It said: "Foster and O'Neill thanked China for its valuable support for the fight against the epidemic in Northern Ireland.
"They said that the Northern Ireland government cherishes friendship with China, understands and respects Hong Kong's national security legislation, and sincerely wishes Hong Kong more prosperity and stability, and expressed that Northern Ireland is willing to further strengthen its cooperation with China in the epidemic.
"Mutually beneficial cooperation in the fields of prevention and control, local cooperation, economy, trade and tourism will better benefit the people of both sides."
Amnesty's Northern Ireland director Patrick Corrigan said the first and deputy first ministers needed to be "clear" about where they stand on the issue.
He said the details of the comments amounted to an "endorsement" of the Chinese government's policies on human rights.
"We need to see what they are saying on our behalf - we need to see what the first and deputy first ministers did or did not say," he told BBC News NI.
"Beyond that we need to hear our first and deputy first ministers loudly and publicly clearly condemning what's going on in Hong Kong - we need to have them stand by our shared values and human rights.
"Diplomacy means being honest not just with your friends but also opponents.
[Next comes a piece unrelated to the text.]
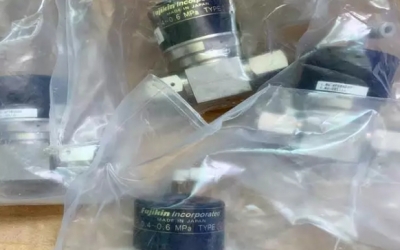 日本 fujikin 富士金 接头 VUWL-10A-V  弯头半联管 (R)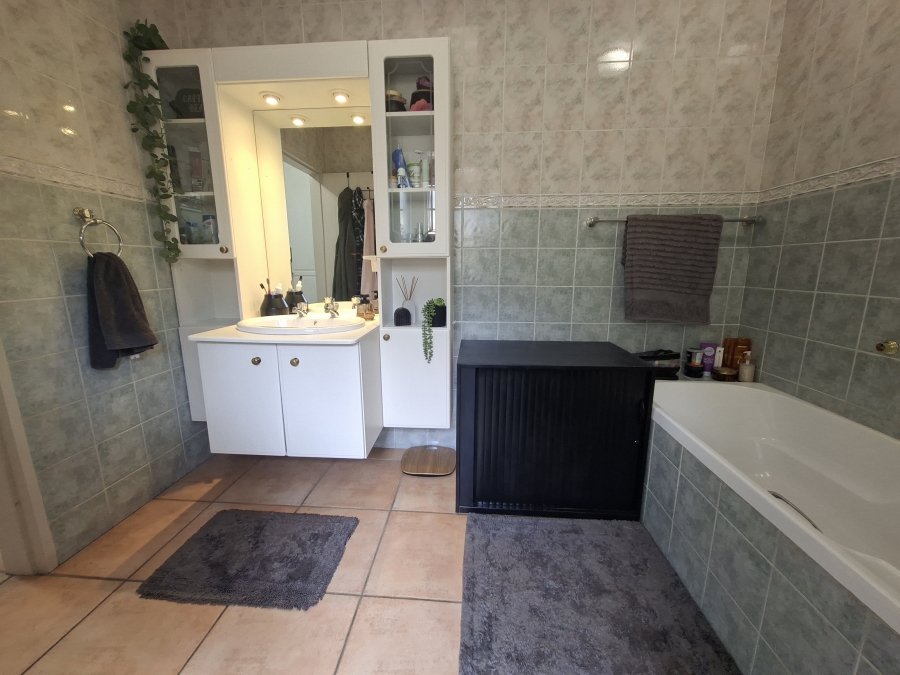 3 Bedroom Property for Sale in Die Wilgers Gauteng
"What we need to hear is not just about cooperation with China but what our first and deputy first ministers' position is about egregious human rights violations going on right now.
Ulster Unionist leader Steve Aiken also called on Mrs Foster and Ms O'Neill to clarify their positions.
"They could also add to the calls for the Chinese Communist Party to stop oppressing the Uighur people, although the impression they both now give is that the Executive Office is fully in the thrall of China," he said.
In a statement the Executive Office said: "The Consulate's report does not reflect Ministers' positions on Hong Kong security legislation, nor their comments at a recent courtesy meeting with the Chinese Consul General.
"As these matters are not devolved, Ministers stated their awareness of the issues and their hope that the matter could be resolved."
Hong Kong was handed back to China from British control in 1997, but under a unique agreement - a mini-constitution called the Basic Law and the so-called "one country, two systems" principle.
They are supposed to protect certain freedoms for Hong Kong: freedom of assembly and speech, an independent judiciary and some democratic rights - freedoms that no other part of mainland China has.
The Executive's Northern Ireland Bureau opened in Beijing opened in 2015.
In its 2019 bulletin the bureau noted that annual trade between Northern Ireland and China had increased from £90m to almost £200m over the previous five years.
Over the same period visitors from China to Northern Ireland rose from an estimated 60,000 to more than 100,000.
Major examples of Chinese direct investment include Portadown-based Thompson Aero Seating, which is owned by the Aviation Industry Corporation of China. SDC Trailers of Toomebridge, was acquired by CIMC Vehicles of Shenzhen in 2016 for a reported £92m.
Both companies warned of potential redundancies in recent months.
Northern Ireland's universities have benefited from significant co-operation with China.
Queen's University Belfast has 1,200 Chinese students and Ulster University plays host to the Confucius Institute.
The Chinese government-funded Confucius Institute provides language teaching for schools and training for people wanting to make business connections in China.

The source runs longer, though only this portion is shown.